◆ **Exercise aim**
Drop every image, then reproduce the data exactly as given.

◆ **Data extract**
== Segment start ==

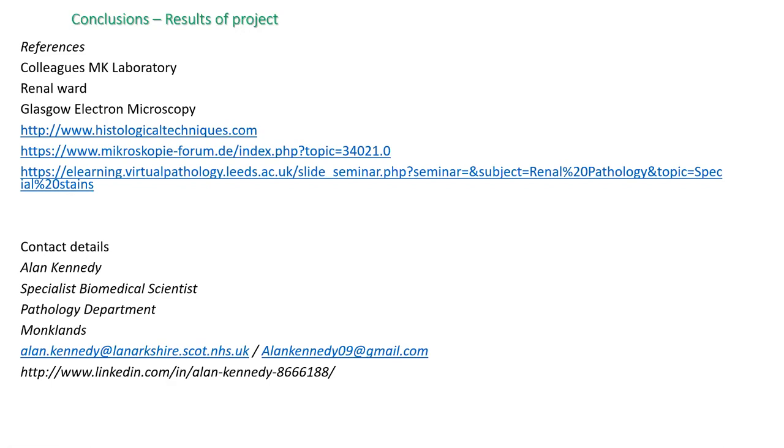Thank you everyone for listening, and I hope this was useful.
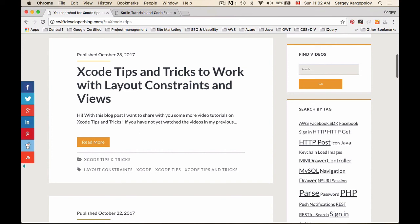So check out Swift Developer Blog, search for Xcode tips and tricks. I'm adding more video tutorials and code examples for them. And message me and let me know if there is an example that you're looking for and I don't have it, and I'll do my best to create a blog post on that topic.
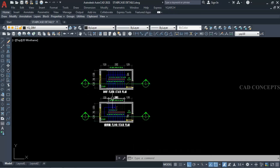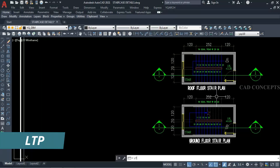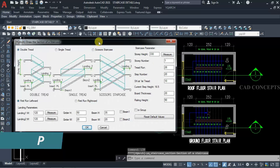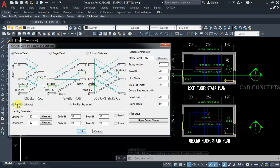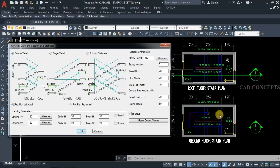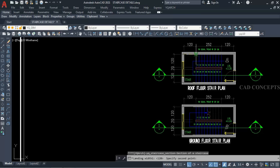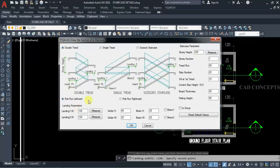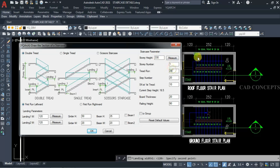Now we will make the complete staircase section in one go. Using the LTP command, the dialog box will open. Very carefully: double tread, first round leftward, because we are initiating from this side. Landing width is 120, as we are getting — you can measure also from here. Storey height we are getting is 330, number of floors is one.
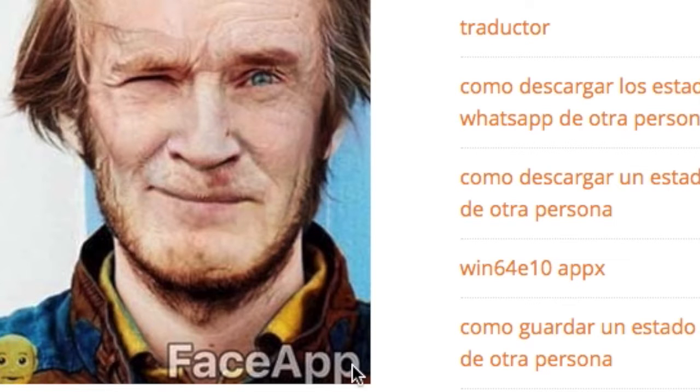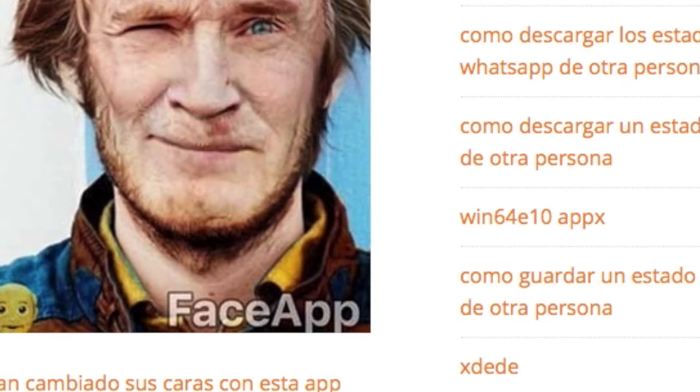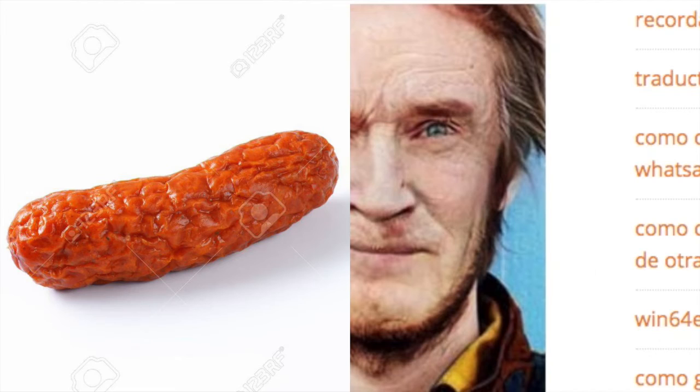Alright, so as you can see here, this is PewDiePie — just a random picture I found. This is him in his normal state, and after you apply FaceApp, this is what it turns him into. That is what it turns him into right there. This might be him in like 30 years time — you can see he looks like some wrinkly sausage, like random wrinkles everywhere.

== Segment end ==

◆ **Problem solution**
Thank you everyone for listening, and I hope this was useful.
So check out Swift Developer Blog, search for Xcode tips and tricks. I'm adding more video tutorials and code examples for them. And message me and let me know if there is an example that you're looking for and I don't have it, and I'll do my best to create a blog post on that topic.
Now we will make the complete staircase section in one go. Using the LTP command, the dialog box will open. Very carefully: double tread, first round leftward, because we are initiating from this side. Landing width is 120, as we are getting — you can measure also from here. Storey height we are getting is 330, number of floors is one.
Alright, so as you can see here, this is PewDiePie — just a random picture I found. This is him in his normal state, and after you apply FaceApp, this is what it turns him into. That is what it turns him into right there. This might be him in like 30 years time — you can see he looks like some wrinkly sausage, like random wrinkles everywhere.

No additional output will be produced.